I will use the trailtoken tool that I have recently built with a collaborator to inspect why these problems occur. I encourage you to play around with it, especially if you build tokenizers from scratch yourself. You might be surprised with how easily problems can occur if one is not careful enough!
Let’s dive in!
Tokenizer problems
Spelling
Tokenization makes it hard for the LLMs to spell. For example, one of the best open-source LLMs, Mistral-7B-Instruct, has a very hard time spelling the word antidisestablishmentarianism:

However, if we use trailtoken to inspect how the said word is tokenized by the Mistral-7B tokenizer, we see that it is actually split into 8 seemingly random tokens:

It is unlikely that the model has seen them occurring together during training, so it no surprise that it finds it hard separating out the letters constituting each token.
On the other hand, the OpenAI models seem to handle the task with ease (see these following links for gpt-3.5-turbo and gpt-4-turbo). Even then, this is mostly a result of the capabilities of these models, as the word is still tokenized into 6 tokens which are again more or less arbitrary:

Here and below I use the Xenova/gpt-3.5-turbo tokenizer on trailtoken because it is an open-source implementation of the gpt-3.5-turbo tokenizer.
String operations
Similarly to spelling words, LLMs find it hard to to simple string operations, such as reversing words. A well-known example is asking LLMs to reverse the word lollipop. Mistral-7B fails miserably on the task:

If we look at how the word is tokenized, we see that it ends up being only 4 tokens, so it is no wonder that the LLMs find it hard solving this task:

The screenshot above hints at a “hack” that can be used to help LLMs: separate out the letters so that they end up as separate tokens after tokenization. Even then, few-shot examples are required to make it work (and it also did not work when I separated the letters using dashes '-' or spaces ' '):

Interestingly, gpt-4 fails reversing the string too, so it is truly a problem caused by tokenization!
For the curious reader, there are many other seemingly “simple” operations that LLMs struggle with.
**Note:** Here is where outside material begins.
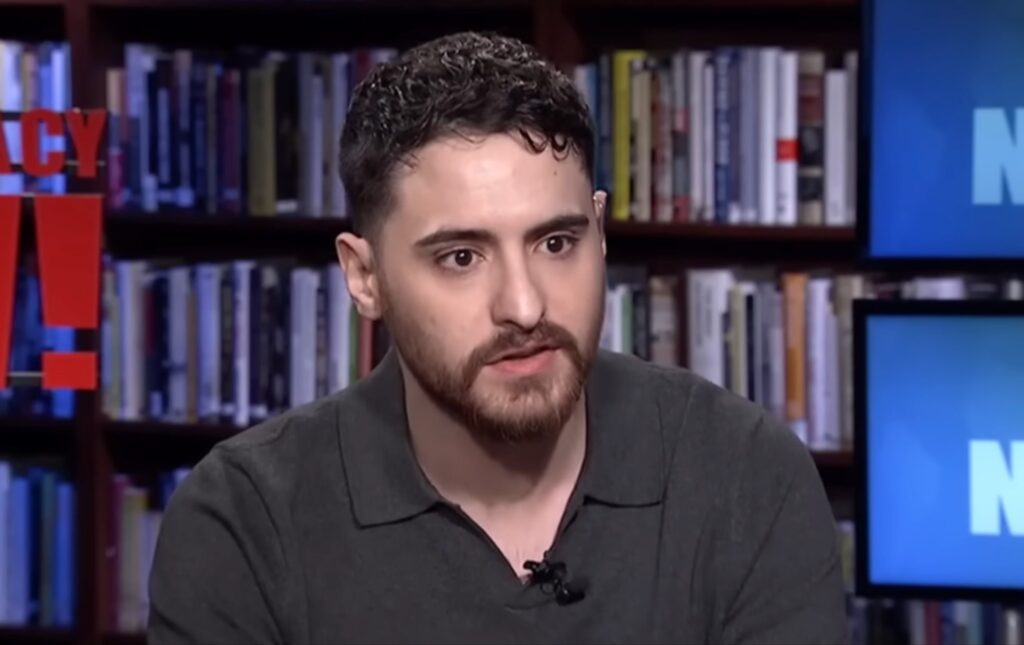 How to Answer the Stupidest  Questions About Palestinians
One such example is try to count the number of letter in a word:

Can you think of any other tasks where LLMs might struggle?
Non-English languages and code
It turns out that not all tokenizers are equally good at tokenizing non-English text, be it materials in foreign languages or code. I put these two together because they are very similar in nature, which is that training tokenizers on unbalanced text corpuses makes them worse at tokenizing the under-represented pieces of text (I might write a separate post on this, so stay tuned!).
Let’s see this in action. The following piece of text is taken from Karpathy’s video referenced above. The text states something like “Nice to meet you, I’m ChatGPT, a large-scale language model developed by OpenAI. If you have any questions, feel free to ask.” in Korean.
We can see that the string is made up of 72 characters. Let’s see how the older GPT-3 tokenizer would handle this:

We find that the resulting number of tokens is 132, much more than the original length of the string! This is because the tokenizer probably did not see much Korean during training, so it did not learn to represent the Hanguls (Korean “letters”) in the Korean alphabet efficiently (we see that the first Hangul is represented by three tokens).
On the other hand, the GPT-4 tokenizer is much better at Korean, the resulting number of tokens is 61 (more 2x less!), meaning that the Korean Hanguls are better represented in the larger tokenizer vocabulary:

However, the problem still remains. If we inspect how the English version of the same phrase is tokenizer, we find another 2x reduction in the number of tokens:

Therefore, poor tokenization means that the “information density” of non-English tokens is much lower, so LLMs have to attend to longer sequences to process the same amount of information, though the fact that they have probably seen much less non-English data during training also significantly contributes to the problem.
Same thing goes for code. We find that the original code string is 197 characters:
code_str = '''for i in range(1, 101):
    if i % 3 == 0 and i % 5 == 0:
        print("FizzBuzz")
    elif i % 3 == 0:
        print("Fizz")
    elif i % 5 == 0:
        print("Buzz")
    else:
        print(i)
'''
len(code_str)197The GPT-3 tokenizer compresses the string reasonably well, but there are a few areas for improvement. For instance, we see that every space of indentation is a separate token, so we waste a lof of tokens. Similarly, keywords like elif are broken into two tokens which is not ideal.

Just as before, the GPT-4 tokenizer is much better at this, as we see in the image below. The indentation spaces are now grouped into a single token, and the elif keyword is a single token as well. The resulting tokenization saves about 30 tokens for the given piece of code. Imagine what the savings would be for a very large codebase!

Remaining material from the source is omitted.